Interview Questions that Matter
I remember when I first was interviewing for jobs after college. You could have told me that I was going to work 80-hour weeks for minimum wage, bending paperclips or something. I wouldn’t have cared. I was so worried about paying my loans and getting a full-time job that I didn’t care about the details. Jump to almost five years later and things are definitely different.
I’ve had a lot of interviews in my day. Usually they go pretty well, and I have gotten several simultaneous offers, which makes me think I’m not too bad at interviewing. As the years have gone on, I realized two things: I’m a lot better at interviewing when I’m not desperate, and I think of more substantial questions to ask when I am seriously evaluating an organization. Before my most recent job change, I ended up having a really great conversation with an Executive Director about how to make her board better. I had asked about board involvement because my experience had showed me how a non-profit board can either be a big help or a mighty hindrance. She keyed in on my genuine interest in the operations and later told me how impressed she was after our interview.
With that in mind, here are some questions to ask when you’re interviewing:
- What is turnover like? An uncomfortable question for an interviewer who knows that turnover has been awful, but a crucial question for an interviewee. If everything is sunshine and coffee breaks upon first glance, learning that most people stay only a few months can be a big red flag.
- How often do people work out of the office? Now, I was told before not to ask this in the first interview because it might make you sound like you need a lot of accommodation, so maybe this is better for a second interview. Realistically, a lot of progressive companies say they’re flexible, but if they just ‘say’ that and put pressure on people to work in the office, then you’re going down the wrong path (unless you like inflexibility).
- What do you do to train new staff? I’m not sure if this is just a non-profit problem or not, but pretty much every job I’ve had came with zero training. For the most part, you get a day or two with the outgoing person (if you’re lucky), or you get a few pages of screen shots for the main software program and then you get an email address and desk and a phone extension. And that’s it. 3, 2, 1, Go! Can you imagine what it would be like to enter a position and to have someone assigned to actually help you, and to go through training material? Just saying “training material” sounds funny to me because I’ve never had that. A training plan seems like a good sign of organization and concern for staff growth (and retention).
- What opportunities are available to get further training or education in this position? Similar to #3, it would be great to know that your company cares about you growing and becoming better at your job. Even if they have good standards for someone entering a position, it’s important to know that stagnation is discouraged, and that they support educational opportunities.

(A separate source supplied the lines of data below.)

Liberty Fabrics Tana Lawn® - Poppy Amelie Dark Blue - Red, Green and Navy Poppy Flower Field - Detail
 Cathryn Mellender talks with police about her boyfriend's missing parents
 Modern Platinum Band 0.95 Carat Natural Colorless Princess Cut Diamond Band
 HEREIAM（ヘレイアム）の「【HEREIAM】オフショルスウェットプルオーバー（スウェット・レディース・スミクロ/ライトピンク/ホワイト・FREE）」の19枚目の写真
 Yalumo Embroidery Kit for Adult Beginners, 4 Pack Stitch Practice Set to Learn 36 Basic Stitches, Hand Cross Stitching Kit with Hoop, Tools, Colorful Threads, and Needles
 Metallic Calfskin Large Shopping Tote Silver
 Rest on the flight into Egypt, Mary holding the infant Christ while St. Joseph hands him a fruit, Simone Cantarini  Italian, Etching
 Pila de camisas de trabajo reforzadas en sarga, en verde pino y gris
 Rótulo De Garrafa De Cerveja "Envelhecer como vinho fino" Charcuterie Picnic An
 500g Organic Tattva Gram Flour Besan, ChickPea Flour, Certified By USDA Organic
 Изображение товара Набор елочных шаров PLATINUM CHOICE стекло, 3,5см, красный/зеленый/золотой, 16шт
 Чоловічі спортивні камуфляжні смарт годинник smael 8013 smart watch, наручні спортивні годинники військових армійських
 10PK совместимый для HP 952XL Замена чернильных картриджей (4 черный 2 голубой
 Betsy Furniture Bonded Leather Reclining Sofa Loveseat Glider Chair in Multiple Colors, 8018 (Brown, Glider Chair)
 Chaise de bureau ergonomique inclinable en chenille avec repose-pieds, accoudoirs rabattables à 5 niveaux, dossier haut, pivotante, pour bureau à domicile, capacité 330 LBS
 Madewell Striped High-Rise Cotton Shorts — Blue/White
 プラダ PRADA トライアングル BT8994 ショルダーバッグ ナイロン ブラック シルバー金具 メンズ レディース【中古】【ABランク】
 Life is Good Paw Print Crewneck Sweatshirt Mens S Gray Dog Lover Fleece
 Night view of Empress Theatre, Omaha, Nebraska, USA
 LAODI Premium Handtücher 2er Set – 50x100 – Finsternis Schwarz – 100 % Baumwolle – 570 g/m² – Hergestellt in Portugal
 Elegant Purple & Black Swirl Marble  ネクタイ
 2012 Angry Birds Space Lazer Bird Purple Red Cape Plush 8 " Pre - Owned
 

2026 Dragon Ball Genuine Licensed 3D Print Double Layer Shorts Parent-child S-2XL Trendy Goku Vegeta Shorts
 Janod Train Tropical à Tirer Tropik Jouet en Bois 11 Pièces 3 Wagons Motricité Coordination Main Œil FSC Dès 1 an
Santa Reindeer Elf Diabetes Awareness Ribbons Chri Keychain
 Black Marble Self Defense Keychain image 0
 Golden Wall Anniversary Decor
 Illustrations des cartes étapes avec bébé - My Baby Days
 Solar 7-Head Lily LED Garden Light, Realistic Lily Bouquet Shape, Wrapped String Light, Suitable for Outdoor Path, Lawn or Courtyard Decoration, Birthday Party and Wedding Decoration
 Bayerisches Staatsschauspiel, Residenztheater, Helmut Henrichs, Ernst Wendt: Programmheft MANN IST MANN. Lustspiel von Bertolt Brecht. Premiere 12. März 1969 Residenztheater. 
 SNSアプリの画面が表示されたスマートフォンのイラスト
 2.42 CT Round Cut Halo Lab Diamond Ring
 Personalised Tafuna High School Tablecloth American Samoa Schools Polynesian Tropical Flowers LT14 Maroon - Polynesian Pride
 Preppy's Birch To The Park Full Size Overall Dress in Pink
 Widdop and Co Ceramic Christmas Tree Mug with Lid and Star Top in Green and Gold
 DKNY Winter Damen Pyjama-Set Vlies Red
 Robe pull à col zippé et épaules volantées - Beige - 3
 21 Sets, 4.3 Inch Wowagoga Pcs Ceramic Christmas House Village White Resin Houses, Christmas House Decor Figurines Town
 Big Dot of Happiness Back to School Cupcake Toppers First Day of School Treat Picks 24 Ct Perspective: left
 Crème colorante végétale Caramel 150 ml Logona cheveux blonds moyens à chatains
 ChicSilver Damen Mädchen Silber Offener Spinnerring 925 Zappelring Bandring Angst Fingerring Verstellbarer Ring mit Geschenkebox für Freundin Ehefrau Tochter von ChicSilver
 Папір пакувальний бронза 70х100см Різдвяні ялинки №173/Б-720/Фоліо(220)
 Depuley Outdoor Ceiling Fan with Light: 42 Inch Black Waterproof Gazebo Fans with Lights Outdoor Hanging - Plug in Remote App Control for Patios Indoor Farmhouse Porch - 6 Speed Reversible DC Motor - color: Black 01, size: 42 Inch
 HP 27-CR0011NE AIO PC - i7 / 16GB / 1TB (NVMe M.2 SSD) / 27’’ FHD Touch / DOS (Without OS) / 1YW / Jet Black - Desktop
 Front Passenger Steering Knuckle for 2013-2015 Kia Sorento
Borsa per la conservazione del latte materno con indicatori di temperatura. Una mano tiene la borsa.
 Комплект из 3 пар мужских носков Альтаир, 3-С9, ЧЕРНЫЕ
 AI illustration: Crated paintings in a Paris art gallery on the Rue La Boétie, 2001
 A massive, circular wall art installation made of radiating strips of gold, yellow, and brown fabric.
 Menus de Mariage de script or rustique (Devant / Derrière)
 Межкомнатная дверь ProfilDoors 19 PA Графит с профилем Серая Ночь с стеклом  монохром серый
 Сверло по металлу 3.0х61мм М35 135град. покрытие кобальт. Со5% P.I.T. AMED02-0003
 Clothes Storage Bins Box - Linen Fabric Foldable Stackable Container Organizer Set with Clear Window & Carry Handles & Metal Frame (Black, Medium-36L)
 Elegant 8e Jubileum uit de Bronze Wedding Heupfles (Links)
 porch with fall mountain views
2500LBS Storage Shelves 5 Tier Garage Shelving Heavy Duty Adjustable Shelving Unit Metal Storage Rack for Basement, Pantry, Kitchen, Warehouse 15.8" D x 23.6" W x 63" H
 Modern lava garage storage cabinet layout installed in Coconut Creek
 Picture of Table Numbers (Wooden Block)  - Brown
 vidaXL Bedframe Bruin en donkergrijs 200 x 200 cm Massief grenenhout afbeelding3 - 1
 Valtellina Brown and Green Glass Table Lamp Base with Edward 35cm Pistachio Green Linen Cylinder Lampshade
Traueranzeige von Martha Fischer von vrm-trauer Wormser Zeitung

I know that when you’re desperate for a job, the last thing you want to do is say the wrong thing in a question or make yourself sound too picky, but I think that substantial questions show that you’re not desperate for just any old thing. Realistically, if you do come across as desperate, you might make the impression that you’re not that invested in the company, or that you’ll leave soon for something better. Don’t just come up with a cliche question to ask because you’ve been perfunctorily advised to do so. Take a deep look at the company, think about what you wish you would have known from former positions, and be frank. If you’re being interviewed by a good boss, they will get the impression that you’re thoughtful, and that they should be vying for you at their company.